◆ Exercise: Your task is to return, word for word, only the lines from the line with "Opel Corsa 1.2 5 porte" through the close of the data. Exclude all pictures.

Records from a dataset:

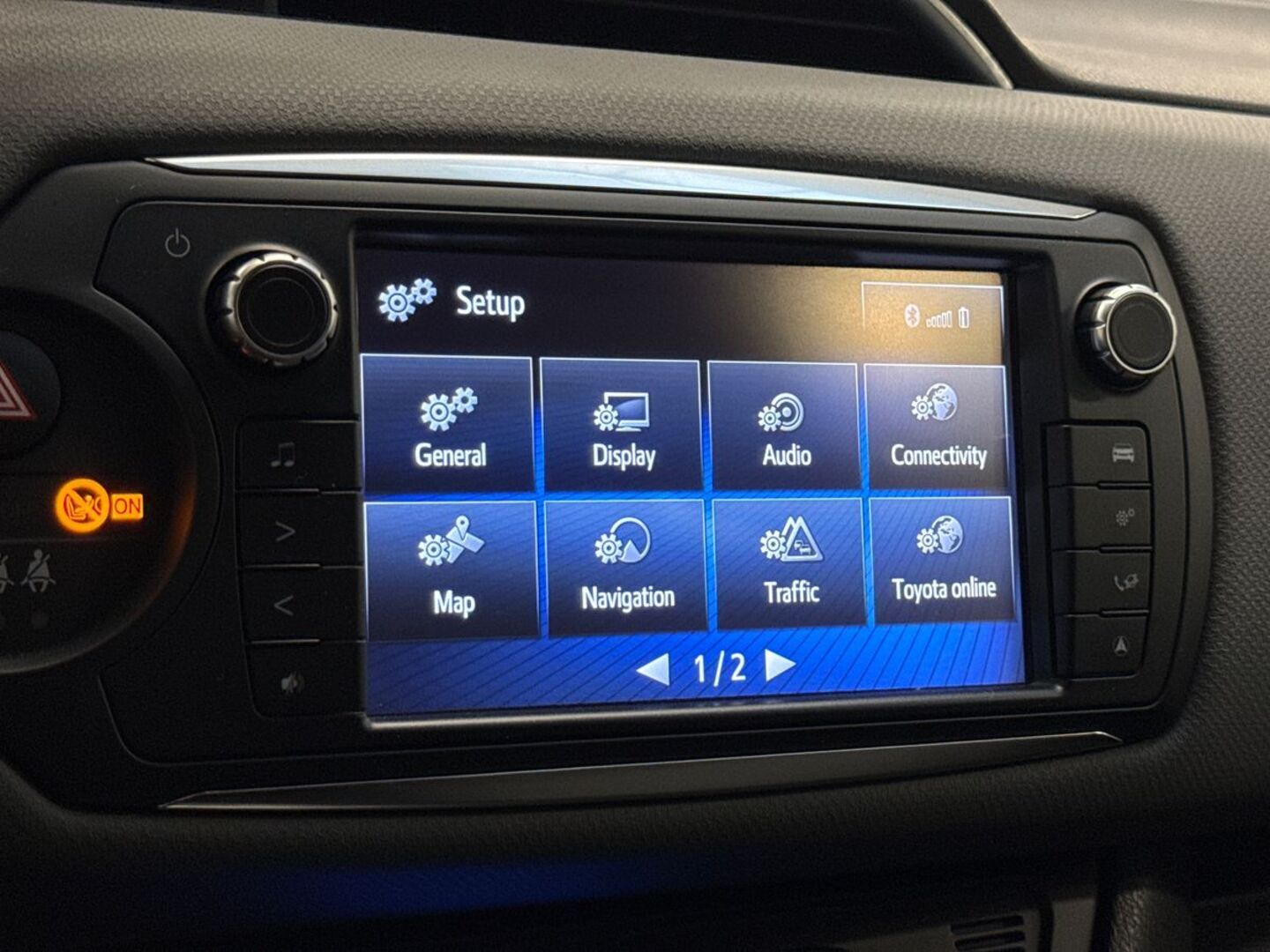 TOYOTA Yaris 2016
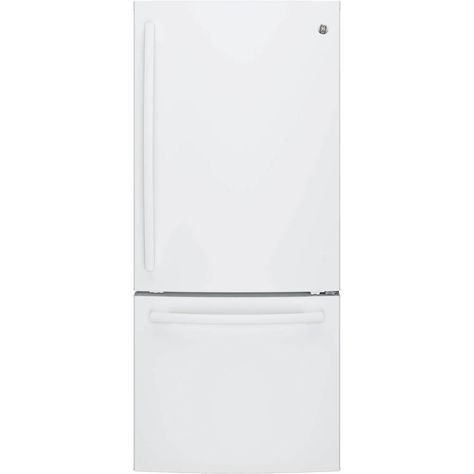 White Refrigerator Kitchen, Refrigerator Kitchen, White Refrigerator, Refrigerator Brands, Ge Refrigerator, Bottom Freezer Refrigerator, Door Alarms, Freezer Burn, Stainless Steel Refrigerator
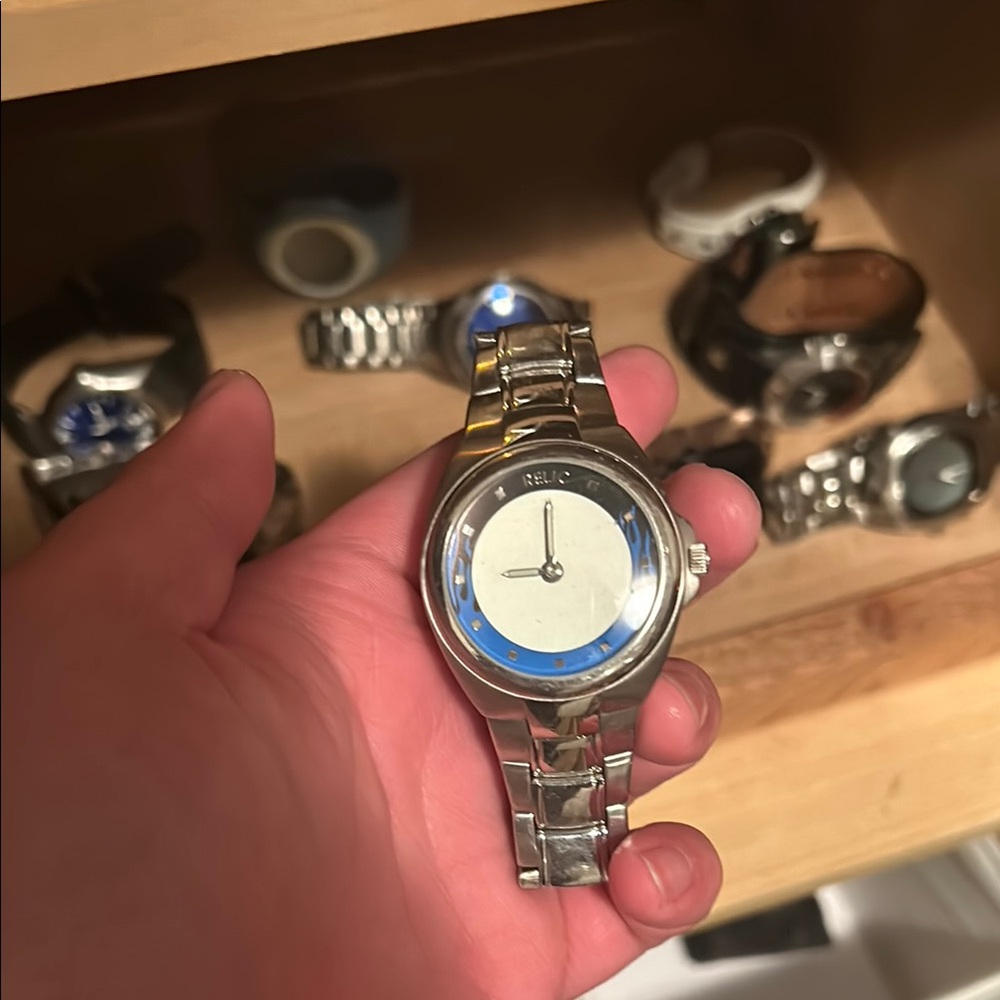 Fossil blue flames Relic Silver and Blue Watch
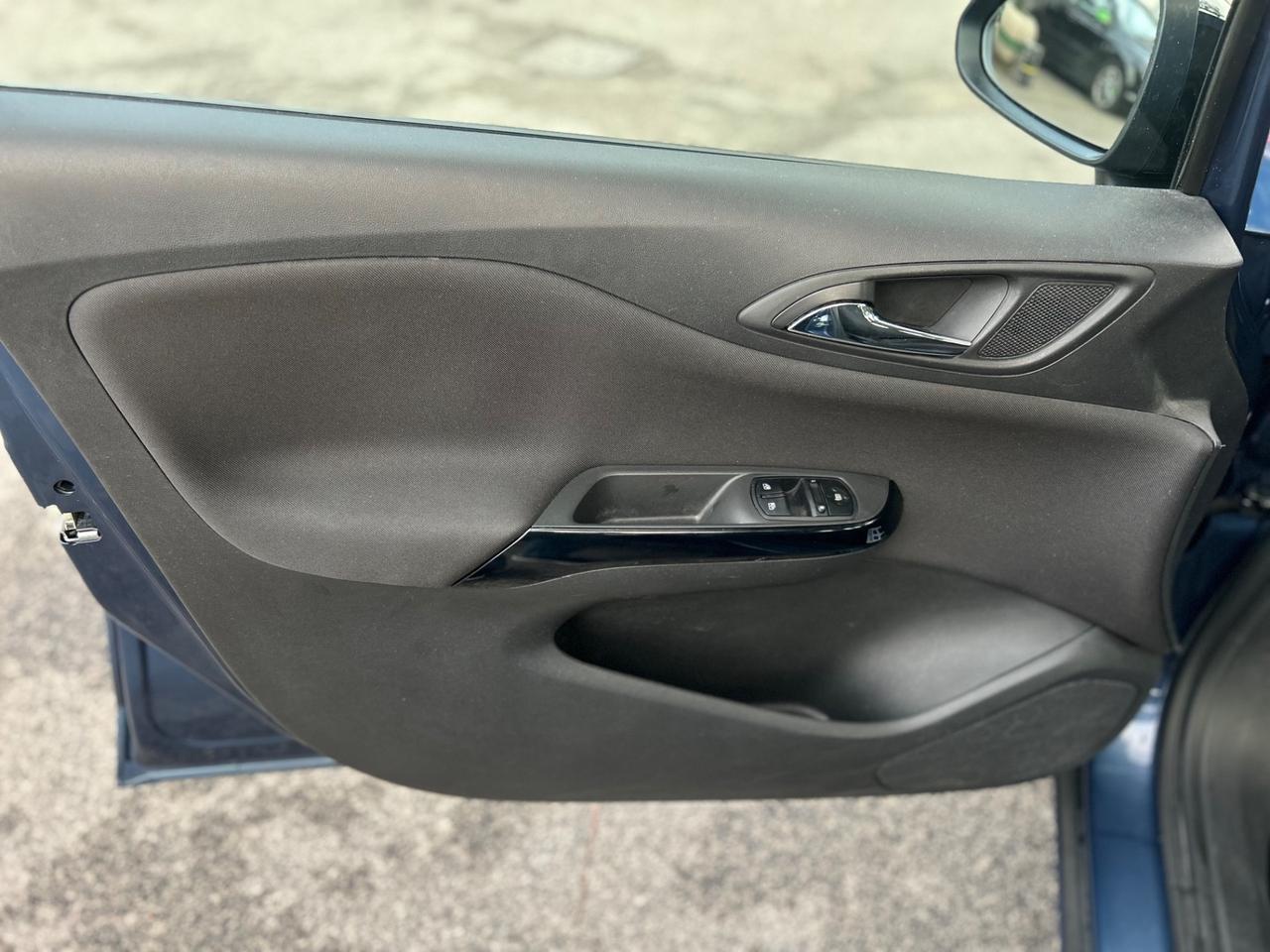 Opel Corsa 1.2 5 porte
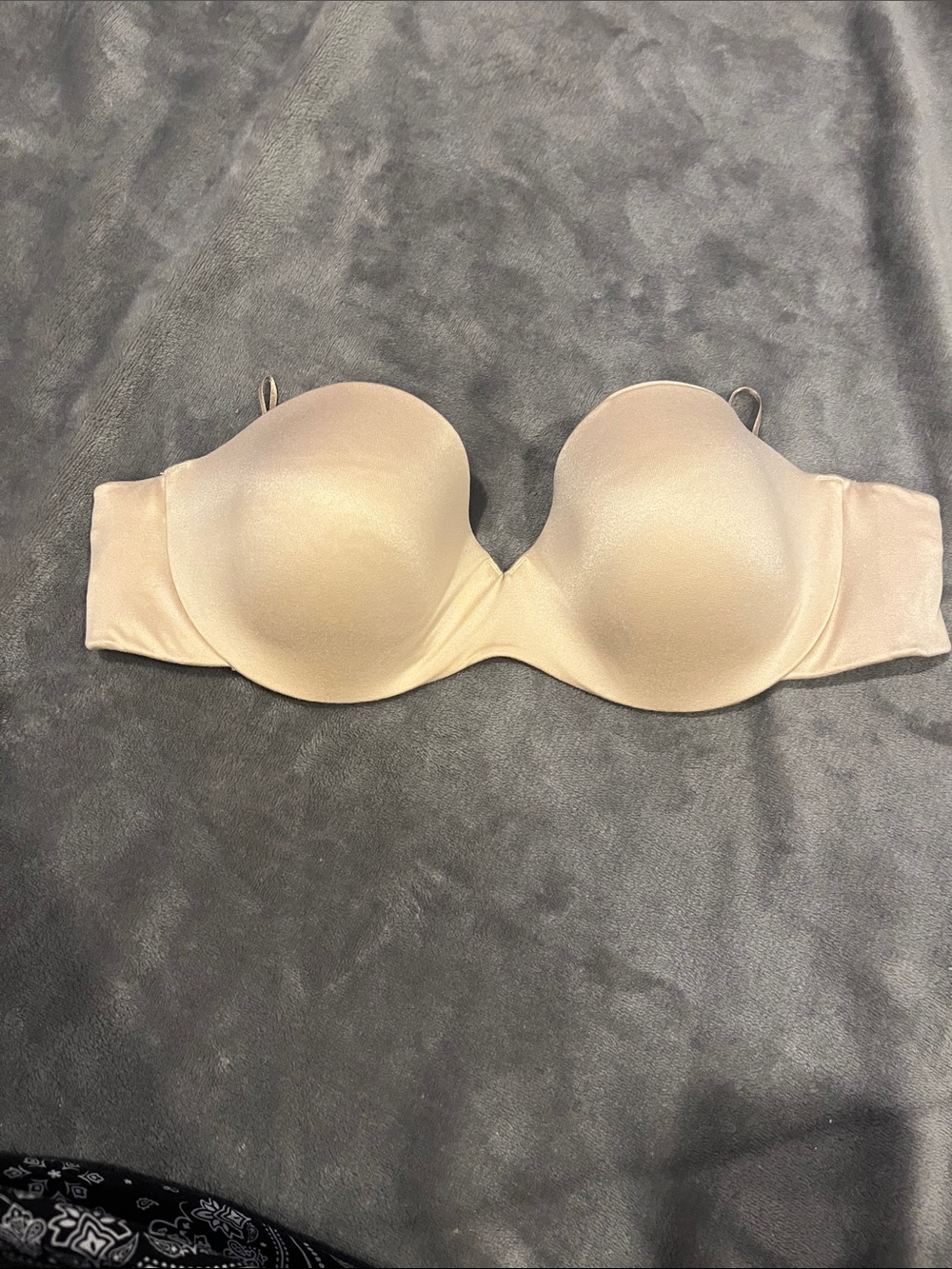 Seamless Strapless Nude push-up Bra with Smooth Contour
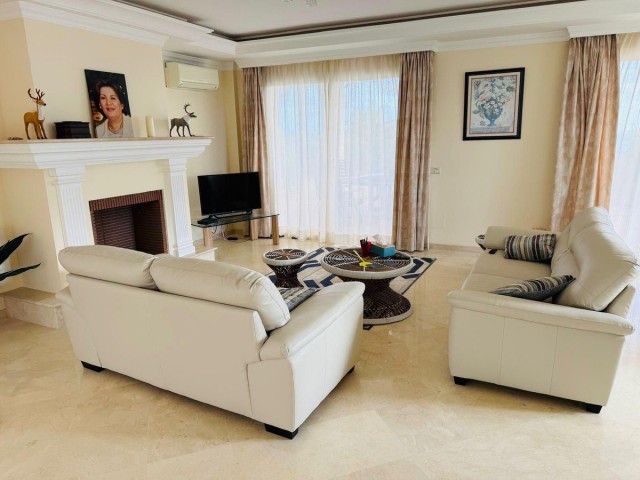 5 Bedrooms Villa in Casares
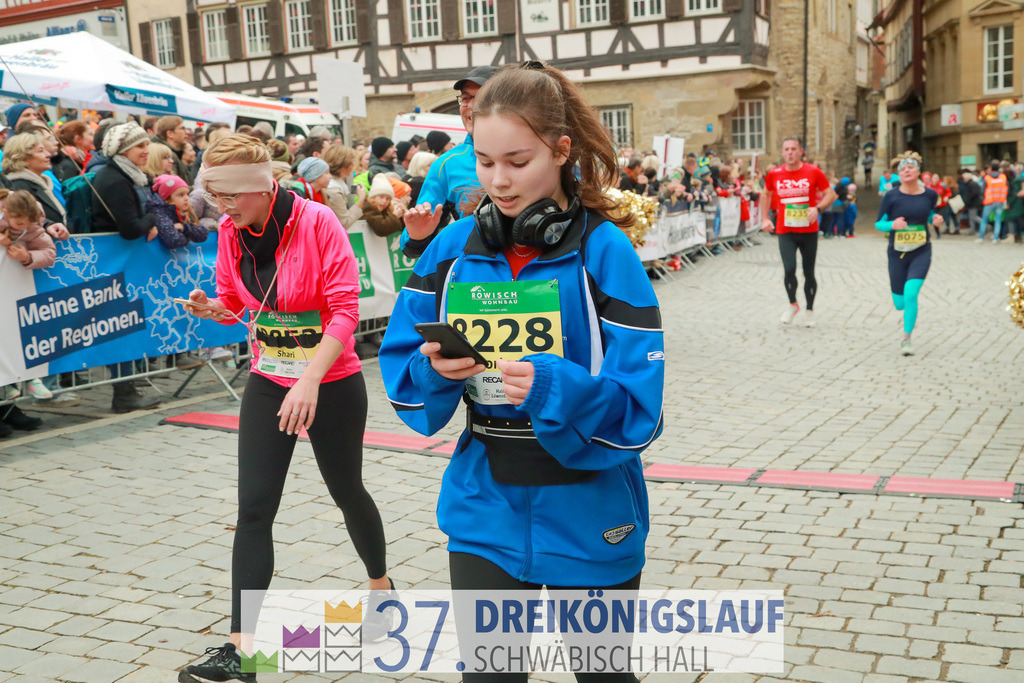 Roewisch Wohnbau Cup 5000m | 3 Koenigslauf 2023 - Realisiert mit Pictrs.com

◆ Reply:
 Opel Corsa 1.2 5 porte
 Seamless Strapless Nude push-up Bra with Smooth Contour
 5 Bedrooms Villa in Casares
 Roewisch Wohnbau Cup 5000m | 3 Koenigslauf 2023 - Realisiert mit Pictrs.com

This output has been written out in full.